- Google develops a new AI that can focus on a particular voice in a crowded area.
- It uses a combination of both visual and auditory signals to separate the voices.
- The technology also has potential to provide better video captioning system for overlapping speakers, by pre-processing speech recognition.
Humans are exceptionally good at picking a particular voice in a crowded area, muting all other sounds. However, this remains a tough challenge for machines. They are still not good at separating individual speech when two or more people talking, or in the presence of background noise.
Now Google has developed an audio-visual model based on deep learning that can focus on a single audio signal from a mixture of voices and background noise. The AI can analyze the video and enhance voices of certain people while suppressing all other sounds.
It doesn’t require any special audio or video format; it works on all common video formats with one audio track. User can select a particular face in a video he/she wants to listen, or let the algorithm do it based on context.

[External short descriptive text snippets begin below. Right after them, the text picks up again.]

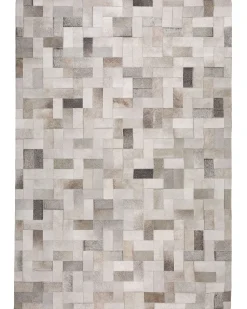 Tapete Em Pele Genuina Cinzenta E Creme 160 X 230 Cm Korfez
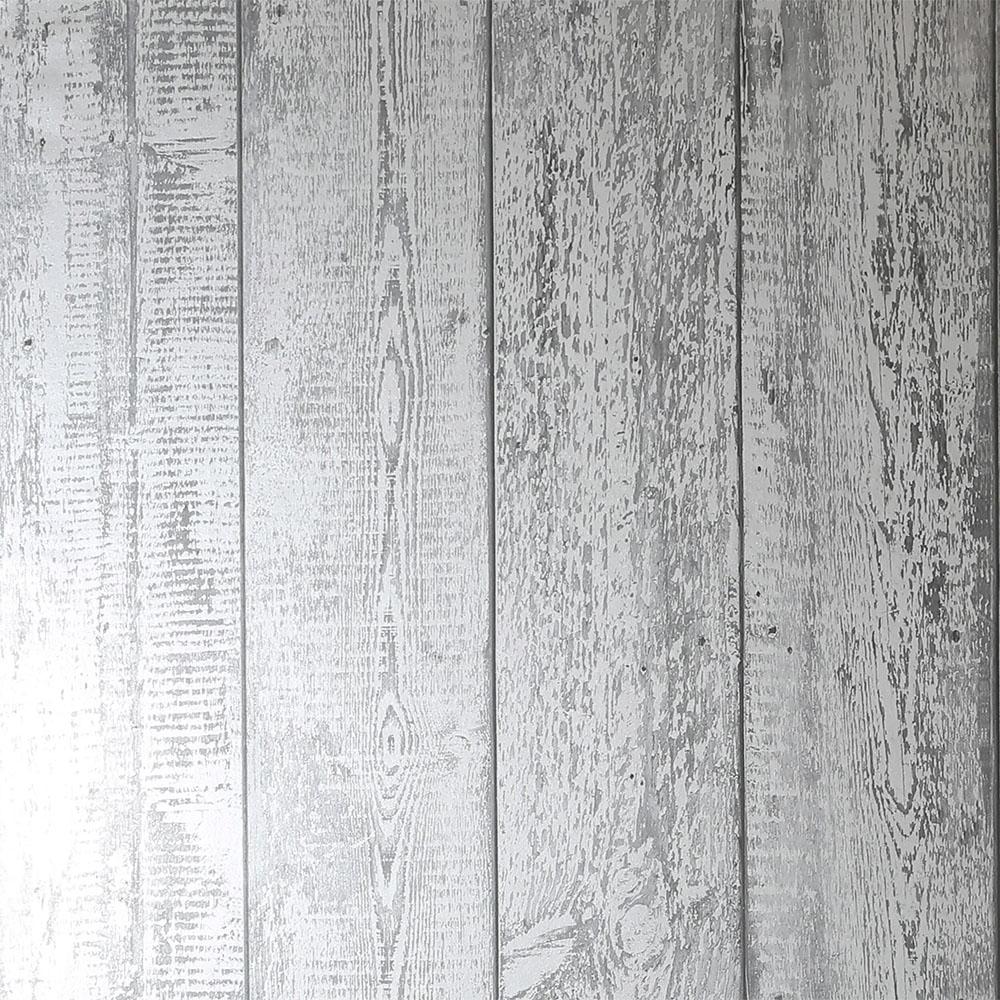 1000x1000 Arthouse Foil Wood Metallic Wallpaper Mono Silver from I Love Wallpaper UK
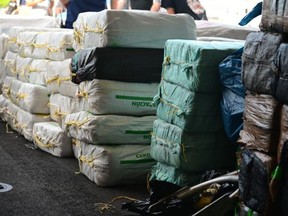 Coast Guard photo of cocaine and cannabis seized from international waters. /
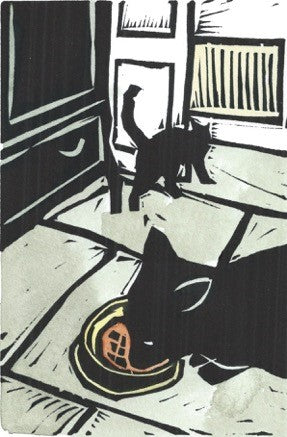 Two Black Cats Print - The Nancy Smillie Shop - Art, Jewellery & Designer Gifts Glasgow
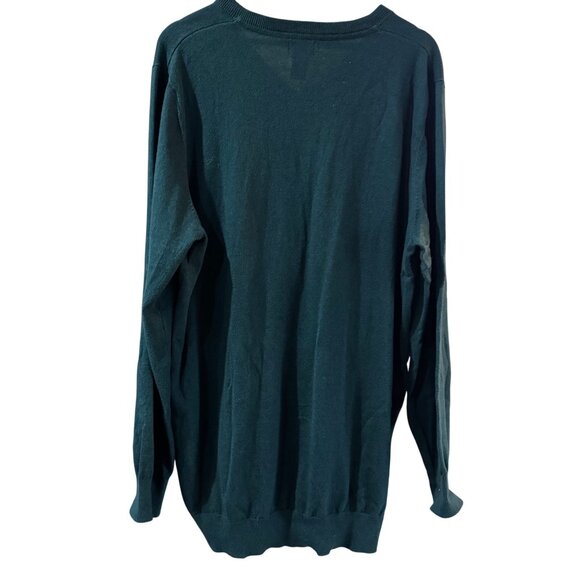 L.L.Bean Mens V-Neck Sweater XXL Tall Green Cotton & Cashmere Blend - Picture 2 of 8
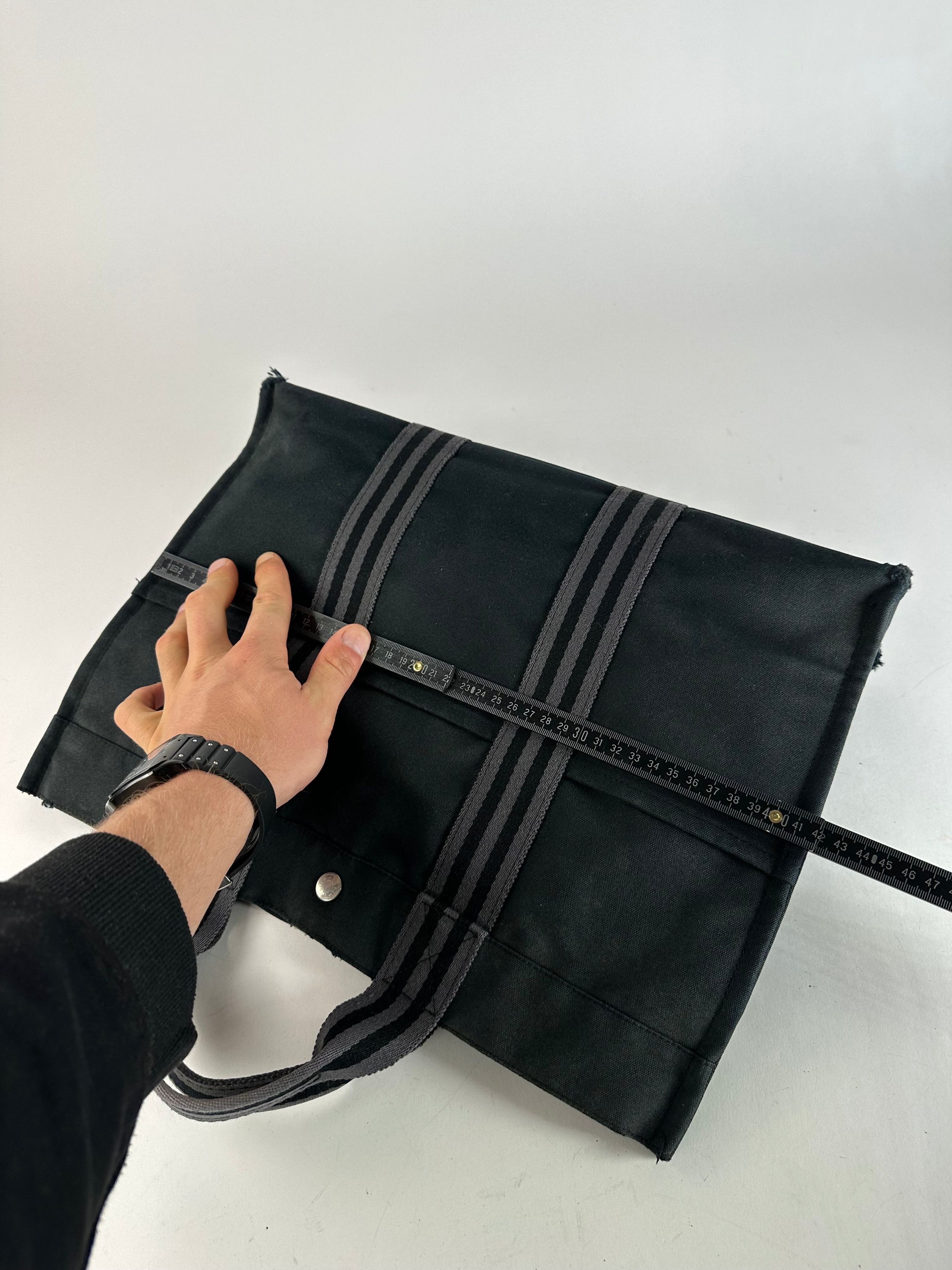 Other Vintage Hermes Canvas Tote Bag Black Grey Size ONE SIZE - 10 Thumbnail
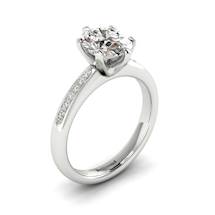 White Sapphire White Gold Oval Engagement Ring Nymph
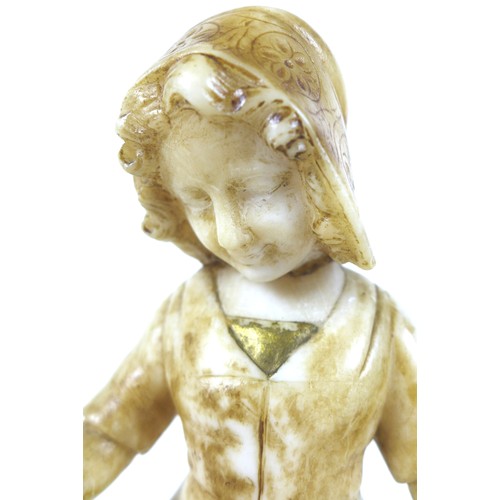 85 - An alabaster sculpture of a young European girl, wearing a bonnet and slightly lifting her skirts, i... 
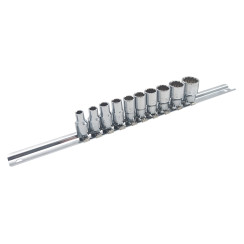 Набор ДЮЙМОВЫХ головок 12-гранных 1/4" 10ед. (на планке) TOPTUL GAAQ0810D-12
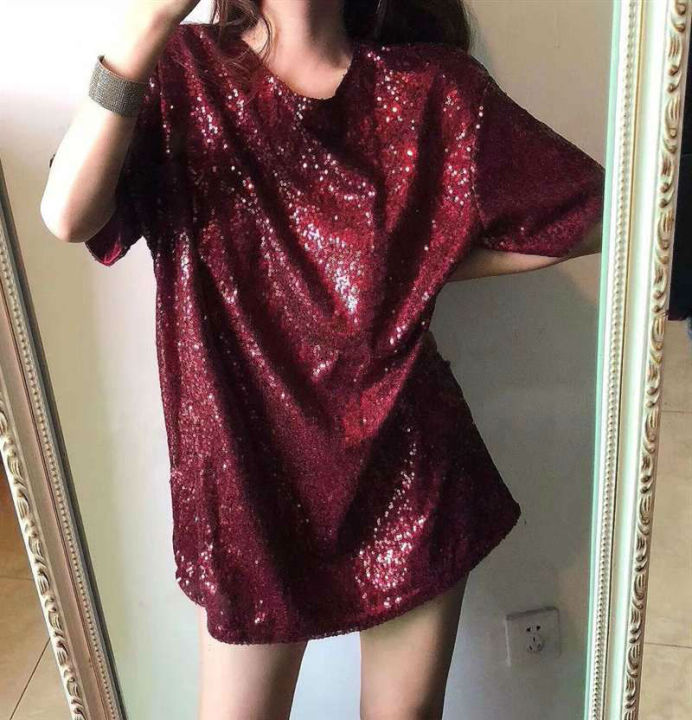 sequined-short-sleeved-t-shirt-for-women-2021-early-spring-new-korean-style-internet-celebrity-super-hot-bling-loose-top-half-sleeve-night-club-style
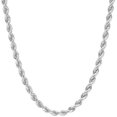 thumbnail image 1 of Collar de cadena de cuerda italiana de plata de ley 925 – Eslabones trenzados con corte de diamante, 2,1 mm a 3,8 mm, 18 a 24 pulgadas para hombres y mujeres,18 in,3.8mm, 1 of 7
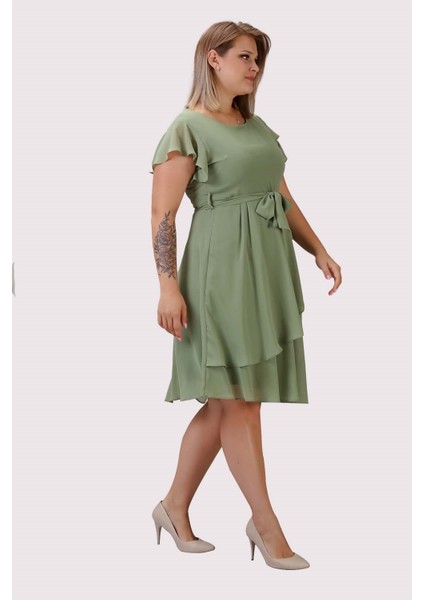 Kadın Fıstık Yeşili Volan Detaylı Midi Büyük Beden Şifon Elbise 4337-110 modelleri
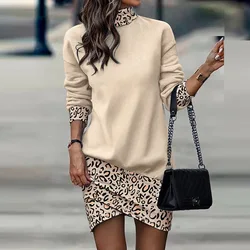 Casual Fashion Women's High Collar Casual Long Sleeved Short Dress Irregular Printing Mini Dress Autumn Robe Femme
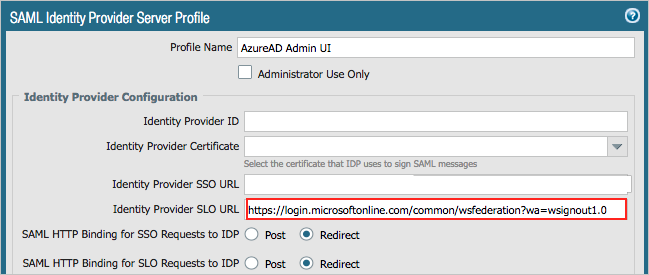 Screenshot shows the "SAML Identity Provider Server Profile" window.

The technology uses a combination of both visual and auditory signals of a video to separate the voices. Algorithms can identify which person is currently speaking based on his/her mouth’s movements. These visual signals significantly improve the quality of speech separation in mixed speech, and associate sound tracks with visible speakers.
How It’s Made?
Engineers collected a huge amount of quality YouTube videos of talkshows and lectures to produce training samples. Then they filtered 2,000 hours of clips from these videos. The filtered-video that had a clean voice – no audience noise, mixed music and background interference.
Then they used this content to create a combination of face videos with their associated speech and background noise from different sources. They trained a multi-stream convolutional neural network to separate the voices of individual speakers from mixed-speech video.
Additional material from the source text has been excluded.